- Spokesperson: Daniel Fernández Blanco Tino Fernández
- Founded: 1988
- Dissolved: 1992
- Merger of: Ensame Nacionalista Astur Xunta Nacionalista Asturiana
- Headquarters: Plaza de Riego, Number 3, Uviéu
- Ideology: Asturian nationalism Socialism Ecologism
- Political position: Far-left
- Trade union affiliation: Corriente Sindical d'Izquierda

Party flag

= Asturian Nationalist Unity =

Asturian Nationalist Unity (Asturian language: Unidá Nacionalista Asturiana, UNA), was a political party in Asturias, Spain, formed by the merger of two previous parties (Ensame Nacionalista Astur and Xunta Nacionalista Asturiana), in 1988. UNA was an Asturian nationalist and socialist party.

==History==
In 1989, a year after the creation of the party, UNA participated in the European elections of that year, gaining 13.165 votes in all Spain, 4,.645 of them in Asturies (0.97% of the total). In the general elections of the same year UNA won 3,218 votes (0.53% of the Asturian vote).

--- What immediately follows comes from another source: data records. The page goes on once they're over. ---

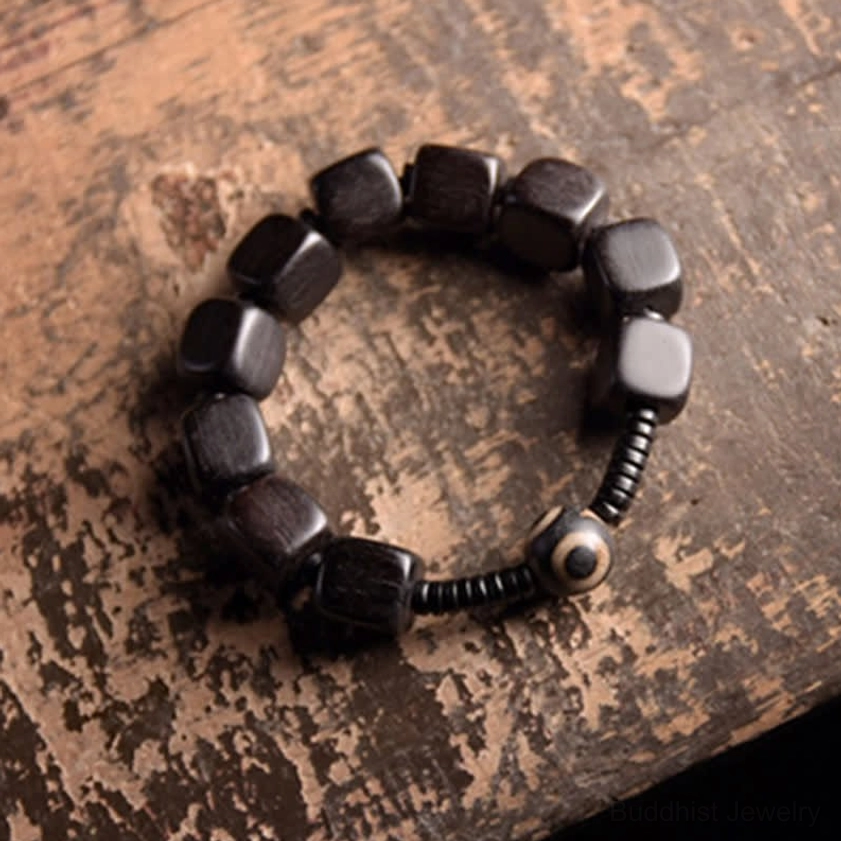 Buddhist ebony dzi bead bracelet featuring dark cubic beads and sacred eye charm on rustic wooden backdrop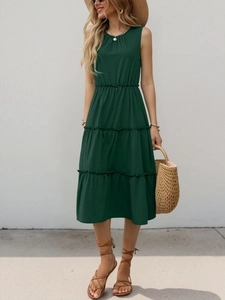 Dettaglio di un abito estivo a balze verde scuro con vita elastica e design senza maniche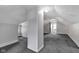 This finished attic features neutral paint and carpet at 2137 Ringgold Ave, Indianapolis, IN 46203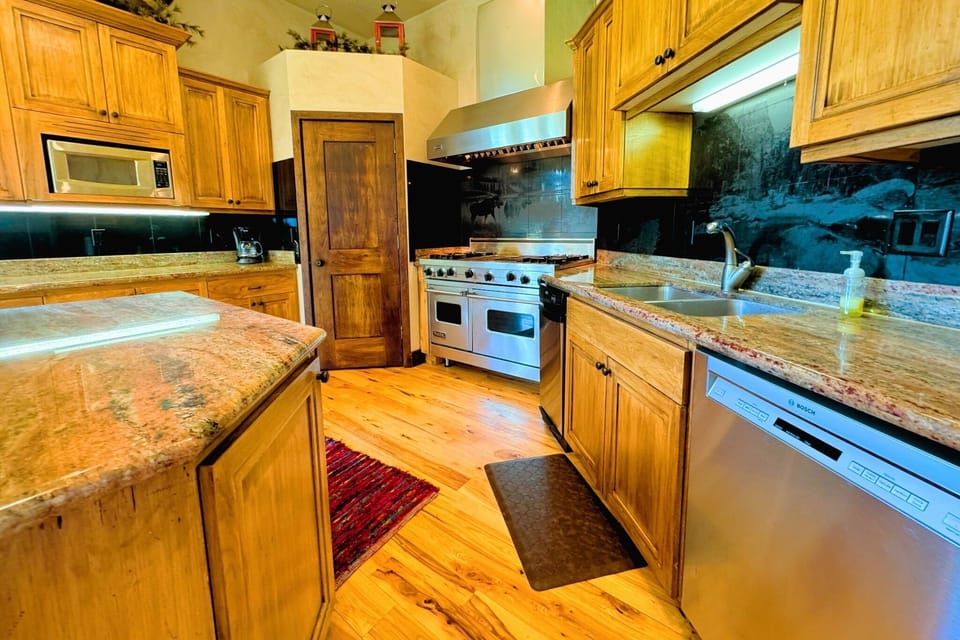 Cook gourmet meals in the fully equipped kitchen, then enjoy them in the elegant dining area with mountain charm.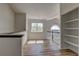 Spacious living room with wood floors, a window view, and built-in shelving at 1767 High Plains Ct, Superior, CO 80027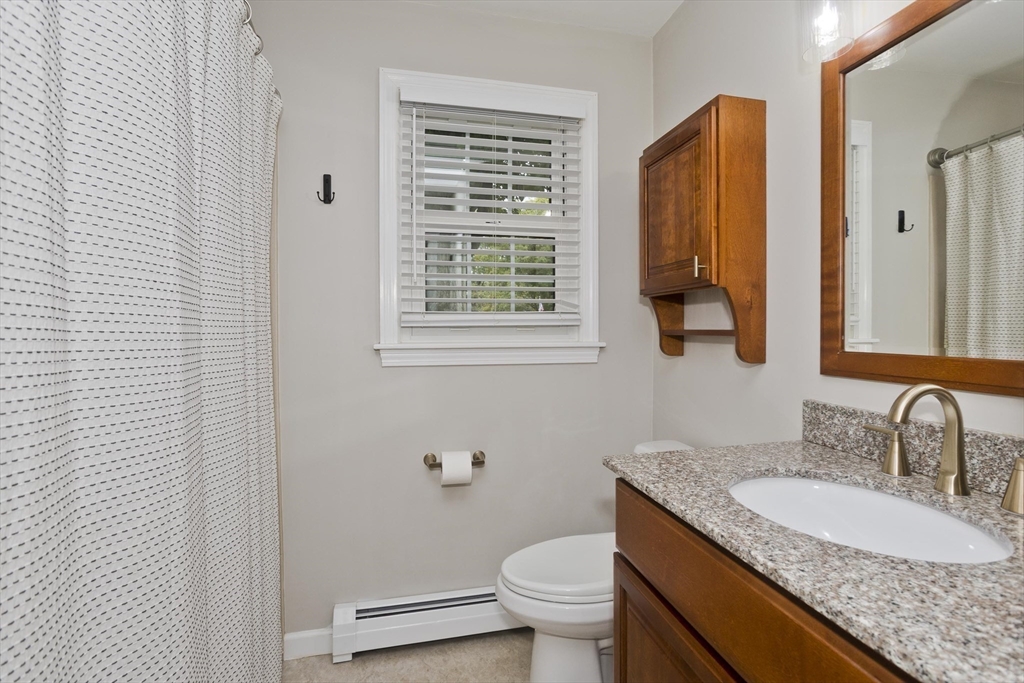 213 Spring Grove Avenue Northampton, MA 01062 - Photo 23 of 41 a bathroom with a granite countertop sink and a mirror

UNA started talks with the Asturianist Party (PAS) to form a coalition for the Asturian elections of 1991 and the local elections of the same year after the failure of both parties in the previous general elections. This generated tensions within UNA, which led to a split of the sector that didn't want a coalition with the PAS in march 1990. The splitters founded two new political parties: Asturian Left and Andecha Astur. Finally, in 1991, PAS and UNA formed a coalition called Asturian Coalition (CA), that gained a seat in the Asturian elections of that year. In the local elections CA gained 10,891 votes (2.05% of the total in Asturies) and 6 town representatives (2 in Amieva, 1 in Aller/Ayer, Degaña, Nava and Cangas del Narcea).

Despite this relative success, CA broke in 1992, after a failed attempt to merge the two parties. UNA disappeared de facto after this crisis. Some of its ex-members formed Asturian League.

In 2008 UNA was refounded as Unidá.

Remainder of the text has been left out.